** AVAILABLE DATA follows **

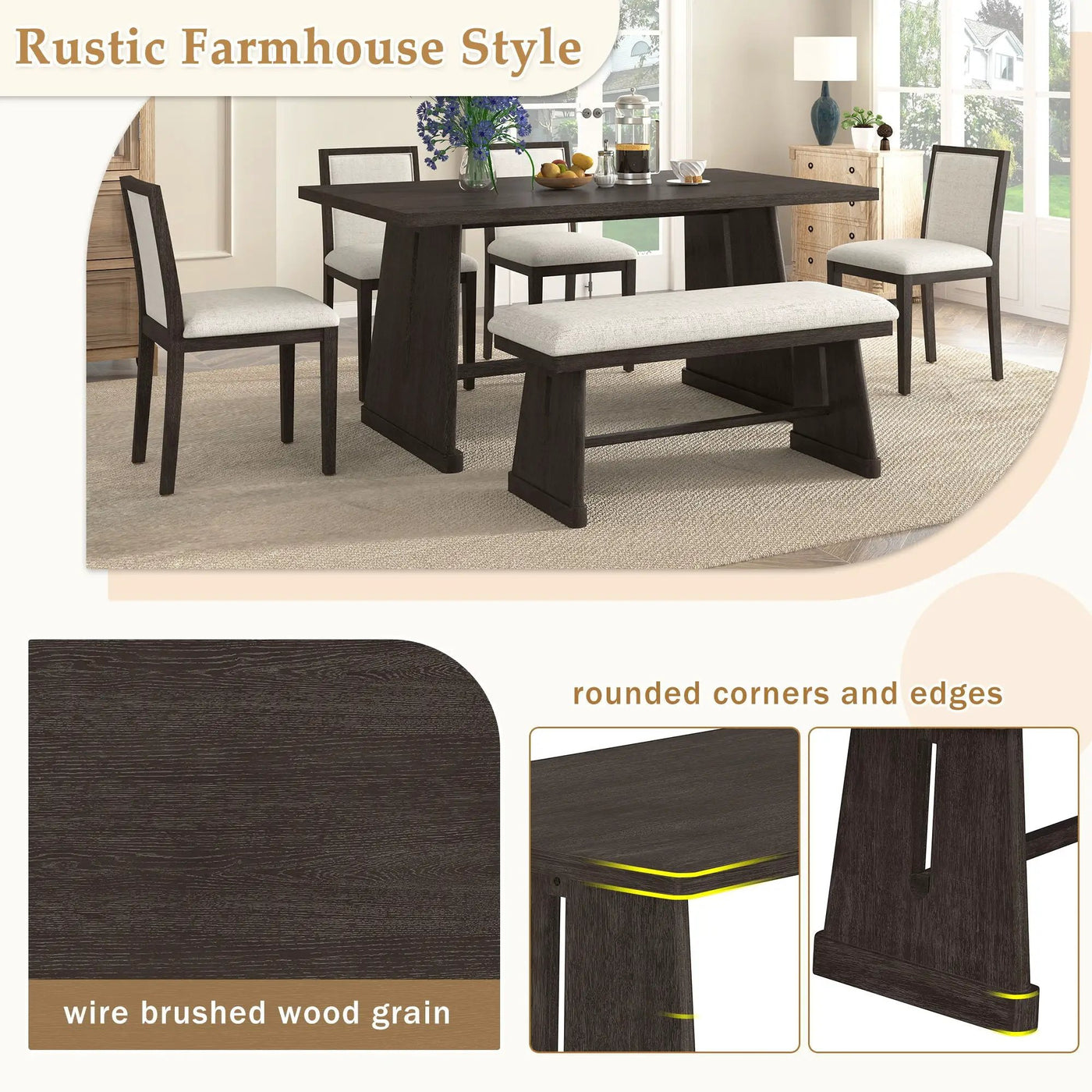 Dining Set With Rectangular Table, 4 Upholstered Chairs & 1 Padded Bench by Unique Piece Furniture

** End of AVAILABLE DATA **
** AVAILABLE DATA follows **

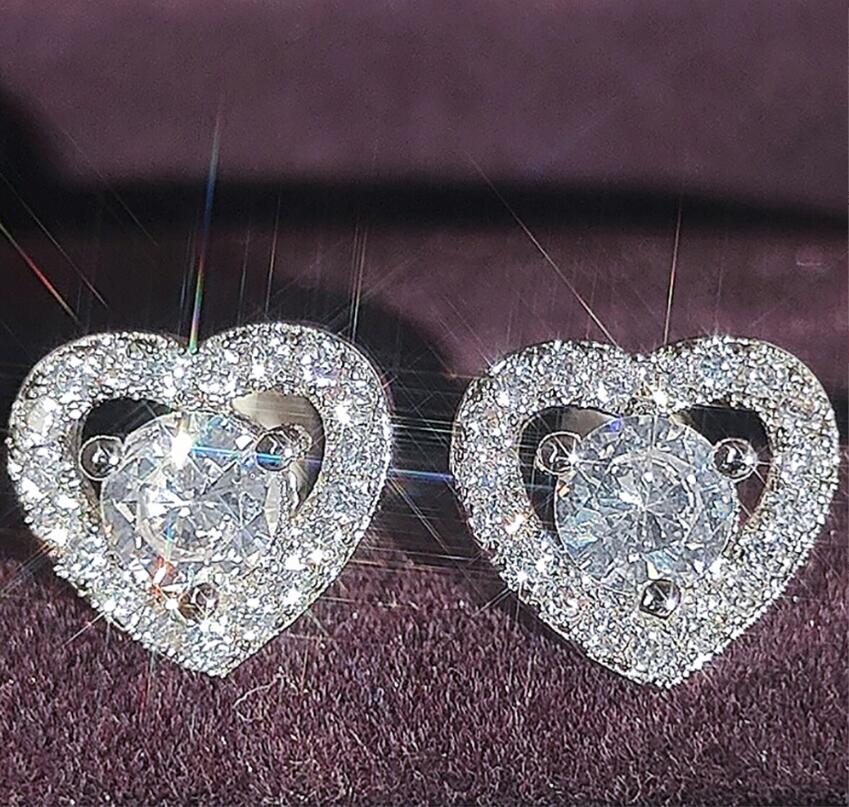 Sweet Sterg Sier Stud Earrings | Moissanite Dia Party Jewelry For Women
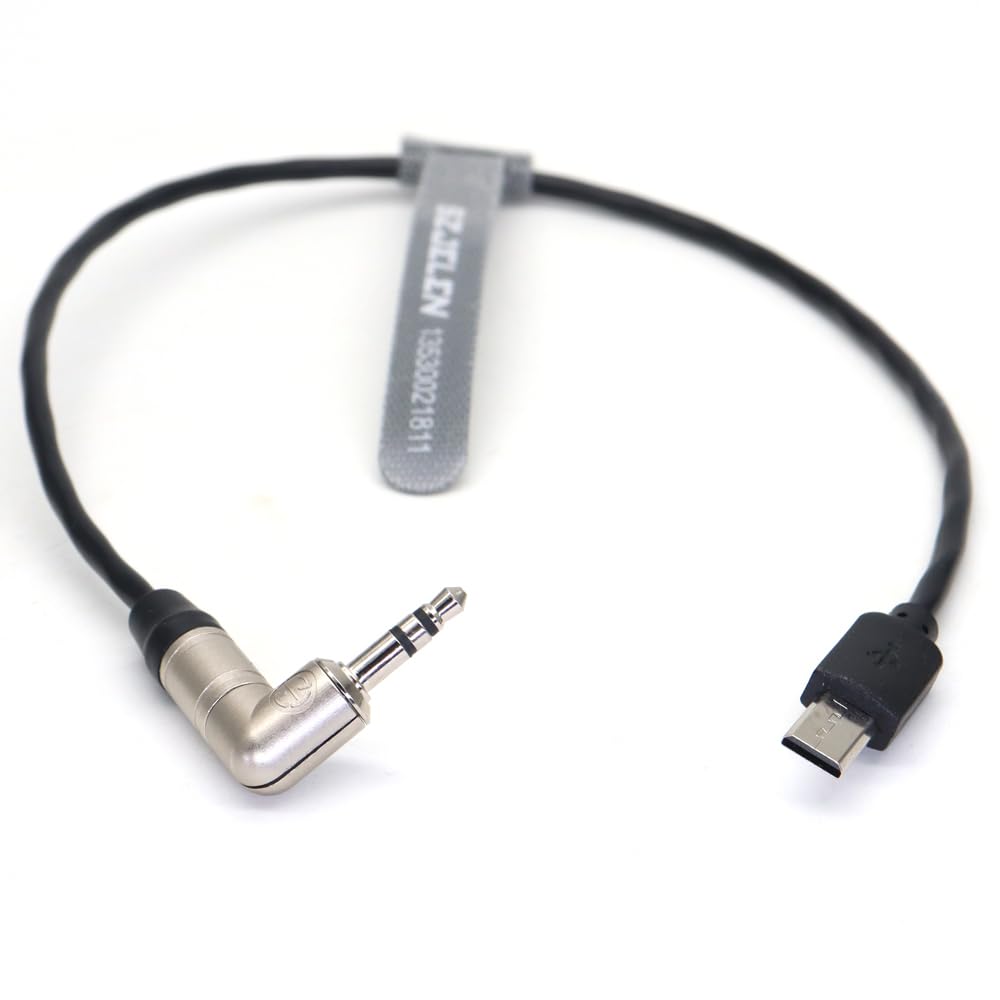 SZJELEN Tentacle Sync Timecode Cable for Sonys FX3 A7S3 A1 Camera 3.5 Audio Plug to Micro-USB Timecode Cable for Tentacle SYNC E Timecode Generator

** End of AVAILABLE DATA **

• [WORK ORDER]
Would you restate, exactly and with no pictures, the lines of the entries above from the one containing "Sweet Sterg Sier" through the one containing "SZJELEN Tentacle Sync"?

• [OUTPUT OF THE TASK]
 Sweet Sterg Sier Stud Earrings | Moissanite Dia Party Jewelry For Women
 SZJELEN Tentacle Sync Timecode Cable for Sonys FX3 A7S3 A1 Camera 3.5 Audio Plug to Micro-USB Timecode Cable for Tentacle SYNC E Timecode Generator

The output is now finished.